Elected on the heels of global protests over police brutality, President Joe Biden promised broad reform to American policing.
He pledged to step up the use of the strongest tool for overhauling problem-plagued police departments, beginning sweeping civil rights investigations into a dozen police forces, including in Minneapolis; Trenton, New Jersey; and Louisville, Kentucky.
So far, those investigations have produced 551 pages of findings full of shocking examples of brutality, racial profiling, illegal arrests and impunity for officers who had committed misconduct.
But the Justice Department is running out of time to convert those reports into binding plans of action.
The Biden administration has produced only one final oversight agreement, in Louisville. President-elect Donald Trump is unlikely to pursue more.
During Trump’s first term, the Justice Department turned away from seeking new oversight agreements and pulled back from enforcing those already in place. On the 2024 presidential campaign trail, Trump repeatedly said that he wanted to give officers “immunity from prosecution, so they’re not prosecuted for doing their job.”
The lack of progress under Biden has frustrated residents of places like Minneapolis, where the Justice Department began an investigation after the police killing of George Floyd in May 2020, but has not yet reached an agreement with the city on federal oversight.
“Here we are, 4 1/2 years after the torture and murder of George Floyd that ignited the longest worldwide protest ever,” said Stacey Gurian-Sherman, a founder of Minneapolis for a Better Police Contract, a police accountability group. She added, “The clock is ticking and we fear that come Jan. 20, President Trump will come in and pull the plug on Minneapolis.”
Gurian-Sherman blamed the mayor of Minneapolis, Jacob Frey, and not the Justice Department, for the lack of an agreement. While some residents blame their city officials for being slow to negotiate, the Justice Department has taken longer than normal — in some cases more than two years — to complete investigations.
In a written statement, the Minneapolis city attorney, Kristyn Anderson, said the city would continue to “work in earnest” toward an agreement.
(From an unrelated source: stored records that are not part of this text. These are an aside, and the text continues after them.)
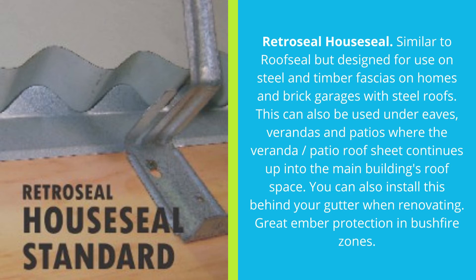RetroSeal House Seal is similar to Roof Seal but designed for use on steel and timber fascias on homes and brick garages with steel roofs. This is also a great ember protection product in bushfire zones.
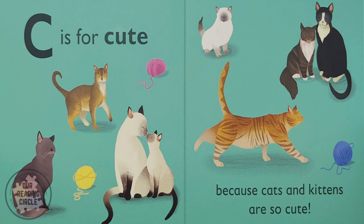C is for — ck, ck — cute, because cats and kittens are so cute.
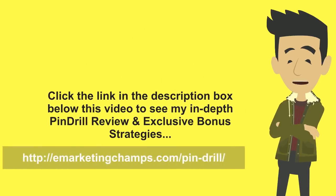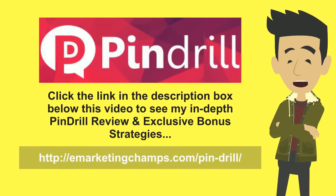Hey guys, my name is Hanif and in this video I'm just gonna give you a very quick and brief overview of the PinDrill software app. If you want to see a more detailed complete review and walkthrough of it, then go ahead and click the link in the description box below this video to visit my website where I'll be publishing a more complete and detailed review and walkthrough of PinDrill.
The White House pointed to a host of changes Biden ordered for federal law enforcement agencies.
The Justice Department’s Civil Rights Division is enforcing 15 court-ordered oversight agreements from previous administrations. Under Biden, it has also used lesser tools, such as a resolution with a sheriff’s department in Georgia where deputies stopped and searched a women’s lacrosse team from a historically Black university.
“Ensuring lawful, nondiscriminatory, transparent, and effective policing remains a top priority for the Justice Department,” Assistant Attorney General Kristen Clarke, who leads the Civil Rights Division, had said in a written statement it gave. “The Justice Department is steadfast in its commitment to using every tool available to ensure that the civil and constitutional rights of all Americans are protected.”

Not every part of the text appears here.